Short web captions
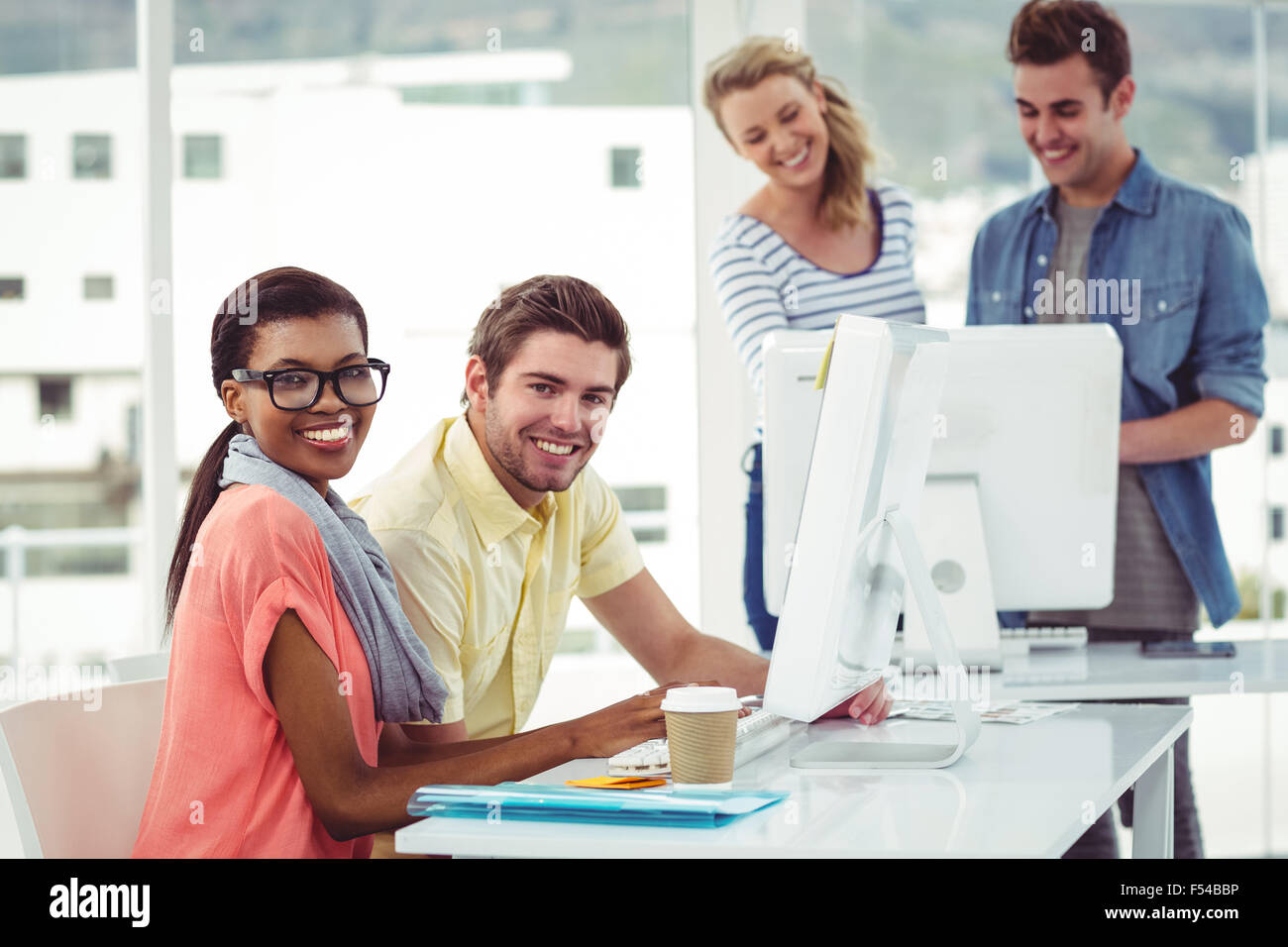 Creative business team working hard together on pc Stock Photo - Alamy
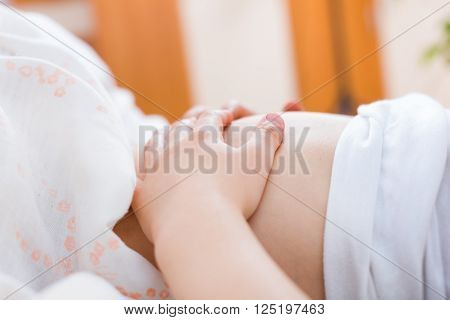 Little child holding the tummy in pain in the bed.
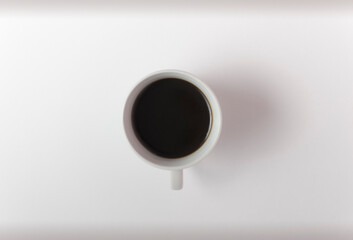 cup of coffee on a white background top view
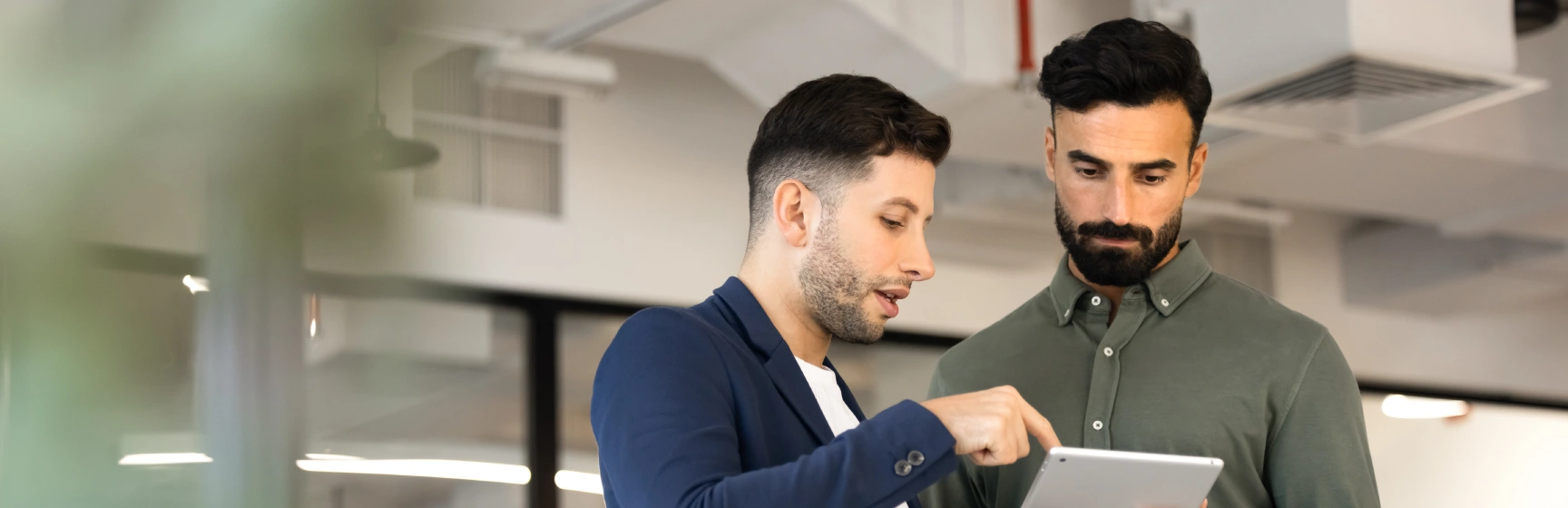 Two business professionals reviewing document management consulting services
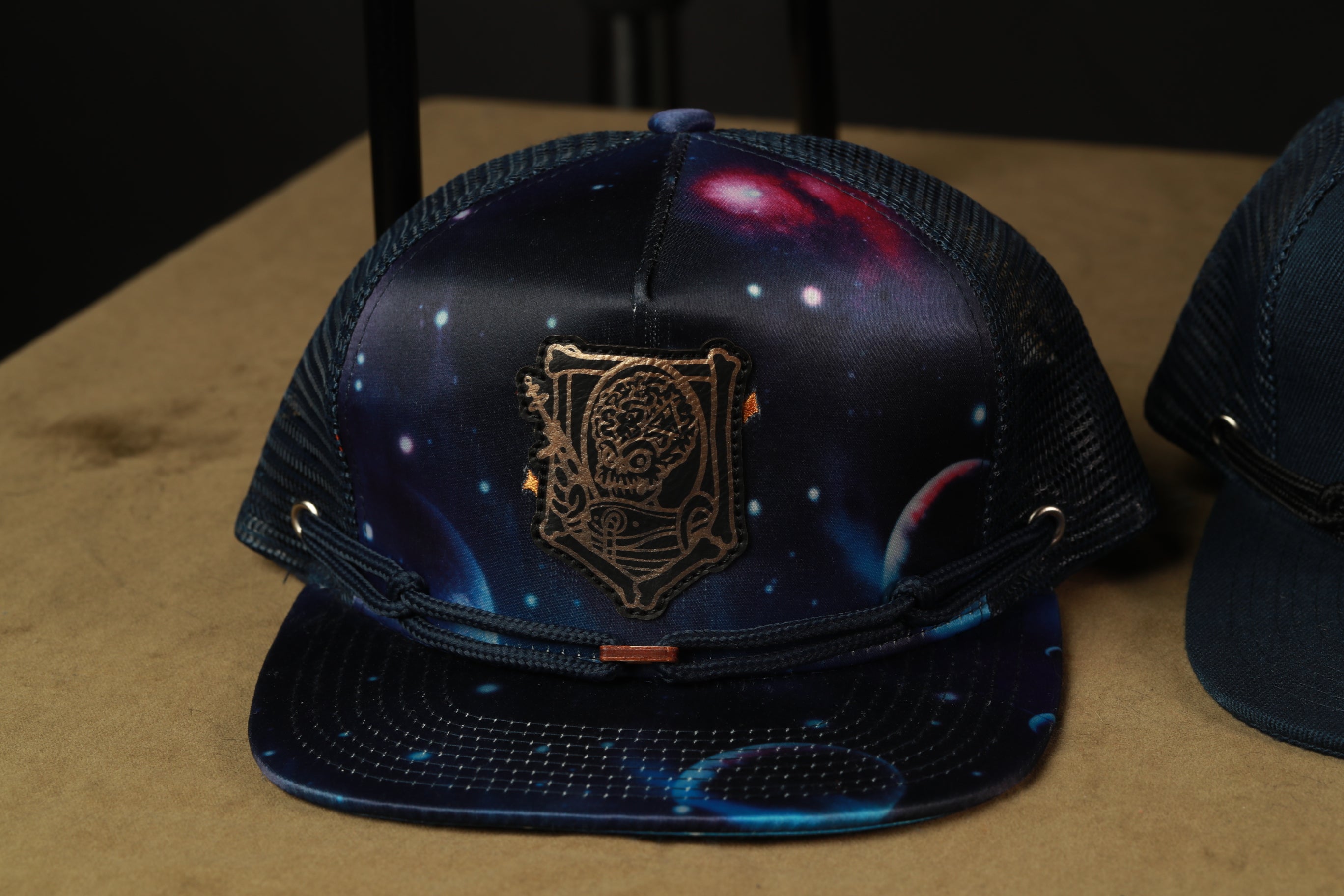 A black baseball cap with a space-themed design, featuring a central emblem and a starry night sky pattern.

WORK REQUIRED :: Reproduce every record exactly; images stay out.

SOLUTION FOR THIS EXERCISE ::
 Creative business team working hard together on pc Stock Photo - Alamy
 Little child holding the tummy in pain in the bed.
 cup of coffee on a white background top view
 Two business professionals reviewing document management consulting services
 A black baseball cap with a space-themed design, featuring a central emblem and a starry night sky pattern.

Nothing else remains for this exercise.